Mittwoch, 28. Mai 2014

Stell' Dir vor, es ist Wahl . . .

. . . und alle gehen hin: eine Vorstellung, die sich bei mir einstellte als es noch eine DDR gab. Wenn immer ich damals zu Besuch in die DDR kam, gehörte das Thema Wahlen fast unausweichlich zu den Themen, über die man sich unterhielt. Und stets hieß es dann visionär: „Wenn wir nur frei wählen könnten . . .“ Das ist lange her und es bewahrheitet sich einmal mehr, dass man sich immer gern das wünscht, was man nicht kann, nicht hat, nicht kennt. In einer Zeitung (Mittelbayerische Zeitung) las man am Montag (Auszug): „Europa hat verloren – Andernorts kämpfen Menschen für ihr Wahlrecht. Den Europäern ist es egal. Ein Armutszeugnis“ (Ende des Auszugs). Das galt für die Bundesrepublik als es noch eine DDR gab und es gilt heute für Europa, die Ukraine ist auch nur ein Beispiel dafür.

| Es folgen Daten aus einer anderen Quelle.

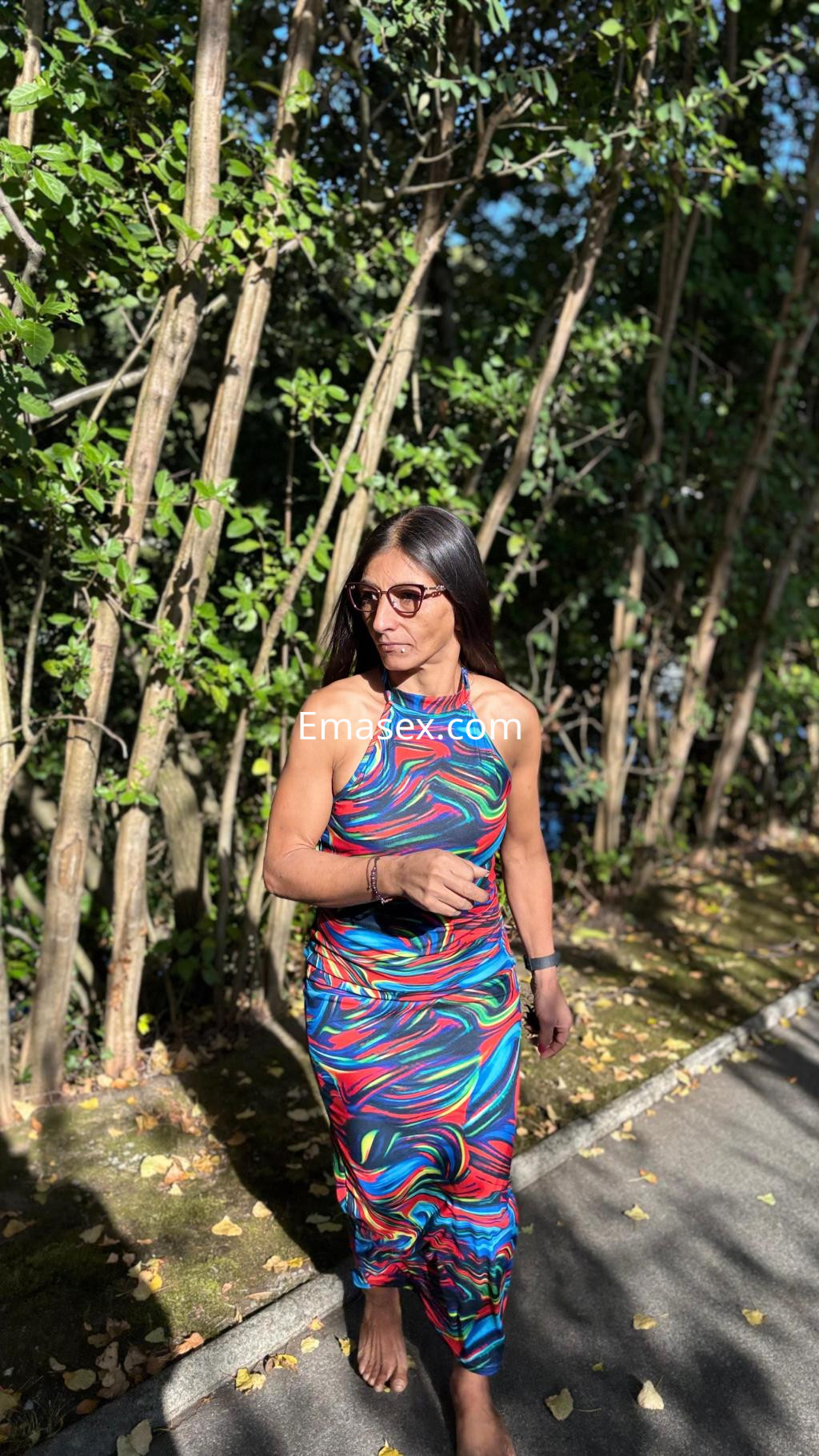 La puta camina por un sendero rodeado de árboles, luciendo un vestido colorido y gafas de sol en Irún.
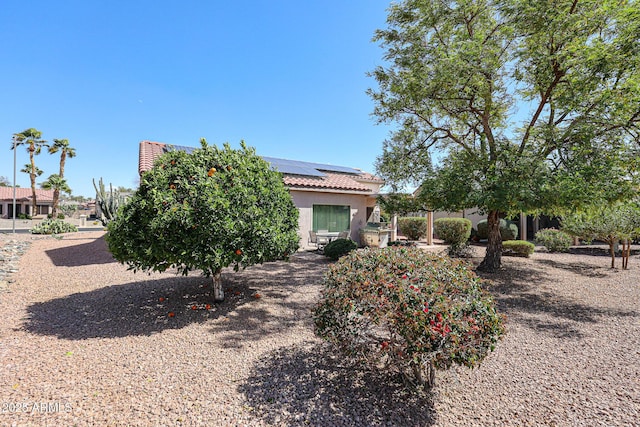 view of front facade featuring solar panels, a tile roof, and stucco siding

Andererseits: was habe ich eigentlich mit meiner Stimme zur Europawahl bewirkt? Meiner Bürgerpflicht (so empfinde ich es) habe ich Genüge getan. Aber auf alles, was jetzt vor sich geht und gestaltet wird, habe ich null Einfluss. Und wenn da parteipolitisch von Kungeleien gesprochen oder geschrieben wird, die sich jetzt anbahnen, habe ich dem dann mit meiner Stimme nicht gar Vorschub geleistet? Und ergibt sich aus dem Resultat dieser Kungelei nicht vielleicht etwas, das ich gar nicht wollte? Und wenn ich nun lese, dass es da „Die Partei“ gibt, die dabei ist, das ganze europäische parlamentarische System lächerlich zu machen, frage ich mich schon, wie ernst es denen ist, die nun gerade mal einen Sitz im Parlament gewannen?

Abgesehen aber von solch zweifelhaften Erscheinungen ist doch meines Erachtens schon die Bundestagswahl im vergangenen Jahr und die nunmehrige Politik der großen Koalition in manchen Bereichen Beispiel für meine begrenzten Möglichkeiten als Wähler, wirklich Einfluss auf die Politik zu nehmen. Ob daran eine Einflussnahme durch Volksentscheide viel ändern würde, bliebe zu bezweifeln. In der Schweiz ist dieses System über Jahrhunderte gewachsen, implantiert bliebe es wohl fragwürdig.


In der „Nordhäuser Allgemeine“ schrieb Thomas Müller als verantwortlicher Redakteur am Montag unter „Kein Bock auf Wahlen“ (Auszug): „Es geht noch niedriger, es geht noch desinteressierter. Dabei haben die Zuständigen schon alle möglichen Wahlen – von Europa bis zum Ortsteilrat – zusammengepackt, um überhaupt noch jemanden an die Wahlurne zu locken.“(Ende des Auszugs). Kann man das aber so pauschal ausdrücken? Kann es teilweise zumindest nicht einfach Resignation sein, Einsicht in die Begrenztheit seiner politischen Möglichkeiten als Wähler? Und sich mancher Wahlberechtigte gerade durch dieses „zusammengepackt“ überfordert sah? Ich weiß heute noch nicht wirklich, was sich mit meinem Kreuz bei der Europawahl an Personen und an den zu erwartenden Kurs verbindet. Ich kenne keinen einzigen Vertreter der Partei, die ich wählte (abgesehen von den einen oder/und anderen Namen). Und mir kann derzeit auch niemand mit Bestimmtheit sagen, ob bzw. welche Koalition diese Partei eingehen wird. Und jetzt muss ich erst einmal schließen, sonst könnte es ja sein, dass Koalitionen gebildet werden. Und dann jeder die Antwort weiß.